In the southwest, the Arco-flagellants screamed and charged a unit of Warrior, but their stims failed them and they did little damage to the metal constructs as they died. Their priest and Celestines unloaded nearby and brought down a darting Destroyer. Sniper fire rang through the battle, but the hidden Vindicaire could not penetrate the armor of the Dreadnought.
Shadows gathered around the Necron Lord and the Plague Marines found themselves fighting shadows. The unit coalesced in the center of the field and annihilated the Dominions. The Demon Prince, sensing an opportunity, dropped into the Seraphim and the materialized Necrons. Time slowed for him, and he slaughtered them all. He was wounded, but lived still. The Necron Lord quivered, but did not rise.
The Dreadnought, enraged at its inability to reach the slaughter, turned to the nearest target, and blasted a Heavy Destroyer. The second darted too near and the Dreadnought’s flail separated it from its body, which whirled away and exploded. The Plague Marines slaughtered Celestines and Warriors with equal ease, losing only two more of their number. The Demon Prince evaded the sniper and fell on hapless Sisters of Battle as they emerged from their Rhino. In the far Southeast, a brilliant light filled the sky, and Celestine reappeared, sounding the retreat. Abaddon and the Deceiver had fallen, and there was little use in wasting her force on the remains. Let the mechanical monstrosities and the fallen marines ruin each other. If the assassin could kill the Demon Prince, this battle would end.

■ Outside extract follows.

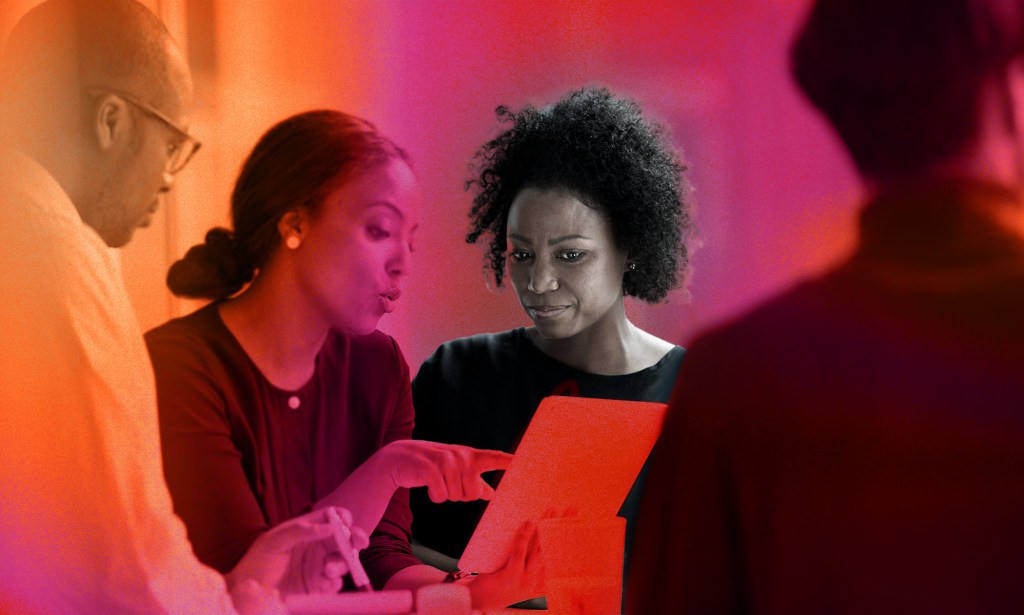 This is an image of two Black women having a conversation at work. They are both looking down at a tablet. There is a red and orange stylised background.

That’s it. Here were the high points. 1) Basically, the whole battle was an excuse to square off the Deceiver and Abaddon. Once the Deceiver fell, Chaos didn’t care what happened, and in fact attacked me for no good reason, since he could have won by eliminating Celestine when she came back. We learned that it’s all about the Drach’nyen in a battle between the Big D and the Big A. He rolled nine attacks in two rounds of combat, which gave him something like seventeen, rerolling a bunch of stuff. If the Deceiver had survived two rounds of attacks (Abaddon goes first) he’d have won. 2) We fully expected our Inquisition friend to run like the little girls he plays. He had a huge advantage in the mission because he could die and come back, winning as long as Abaddon and the Deceiver went down. When he grew some stones and took out Abaddon, he started flexing and shouting at the top of his lungs, “I’m not a pussy! I’m not a pussy!” I couldn’t get off the floor, I was laughing so hard. 3) The plague marines took 80 gauss shots, then an assault by wraiths and scarabs, and lost TWO models. I think he had two left at the end of the game after assaulting my entire army with one unit. 4) The mission sort of sucks for Necrons, since I can’t make a WBB until my turn. I lost one Wraith in each round of combat, but never got to roll for them. Same with the Heavy Destroyers. 5) Chaos players can’t be trusted. We made a deal that we’d go after the Sisters, so I Veiled in range of his Demon Prince, didn’t shoot his now exposed Plague Marines, and didn’t blow up his Dreadnought with my Heavy Ds. He promptly assaulted both me and the Sisters. A dirty, brilliant, and entirely in-character moment. Admirable, really. I still can’t get the knife out of my back. I guess I forgot I play something called “The Deceiver.”
Sounds good. This mission is always good for a change. It first came out, that I know of, in a WD back in 3rd ed 40k. The original battle was between 3 ork warbossess and each unit had to roll to see if they woke up to what was happening - oh the carnage.
Dovie'andi se tovya sagain (It's time to roll the dice)- Mattrim Cauthon
That was a great read, well done. Sounds you had fun, and that was the whole point, ofc.